Sponsor:Institut für Mittelalterforschung, Österreichische Akademie der Wissenschaften, Wien
Organiser:Maximilian Diesenberger, Institut für Mittelalterforschung, Österreichische Akademie der Wissenschaften, Wien
Moderator/Chair:Maximilian Diesenberger, Institut für Mittelalterforschung, Österreichische Akademie der Wissenschaften, Wien
Paper 1026-aOttonian Capitularies
(Language: English)
Steffen Patzold, Seminar für Mittelalterliche Geschichte, Eberhard-Karls-Universität Tübingen
Index terms: Historiography - Medieval, Law, Politics and Diplomacy, Social History
Paper 1026-bInauguration Rituals and the History of Ottonian Queenship
(Language: English)
Simon MacLean, Department of History, Trinity Hall, University of Cambridge
Index terms: Historiography - Medieval, Law, Politics and Diplomacy, Social History
Paper 1026-cThe Day After: Writing the Last St Gall Charters, c. 920-980
(Language: English)
Bernhard Zeller, Institut für Mittelalterforschung, Österreichische Akademie der Wissenschaften, Wien
Index terms: Historiography - Medieval, Law, Politics and Diplomacy, Social History
Abstract

The transformation of the Carolingian world at the end of the 9th and in the 10th centuries was accompanied by various challenges and difficulties such as the decline of the royal position of power, the hard-fought emergence of new, regional lordship, the invasions by external enemies and finally, political and social instability and disintegration.

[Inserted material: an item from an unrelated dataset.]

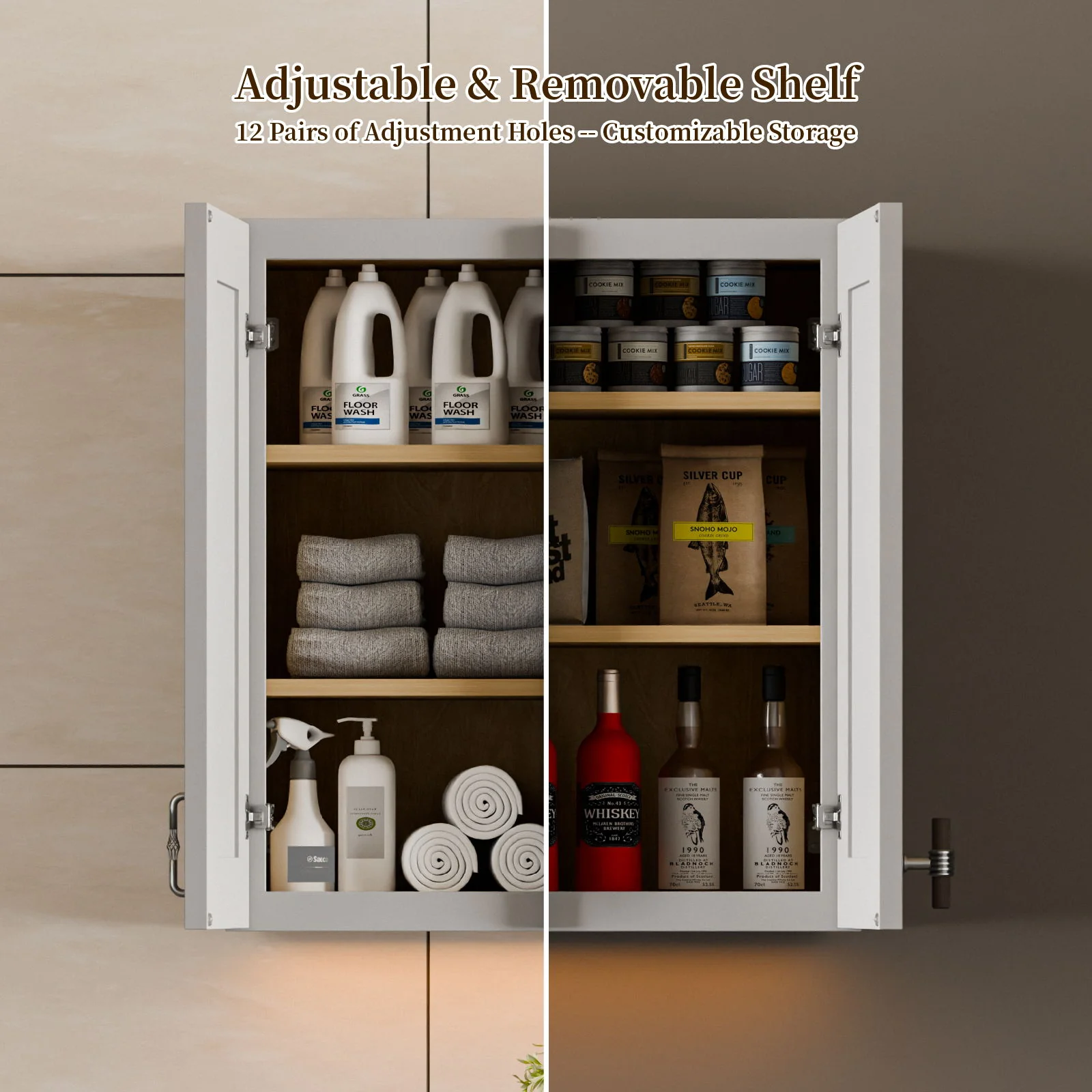 Shaker Wall Cabinet With Soft Close Hinges, Adjustable Shelves, Double Door - Image 79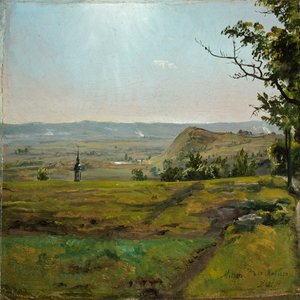 Campi verdi presso Meissen. Studio da Johan Christian Dahl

Already contemporaries like Regino of Prum, but also many modern scholars, regarded the deposition and death of Charles III in 887/888 after which the Empire fell apart and splintered into several separate successor kingdoms as the beginning of a period of crisis.

These sessions deal with this very period of transition from the Carolingian to the post-Carolingian period. They focus on historiography, social and legal practices as well as on their respective documents (councils, capitularia, charters) and tries to track their development from the 9th to the 10th century.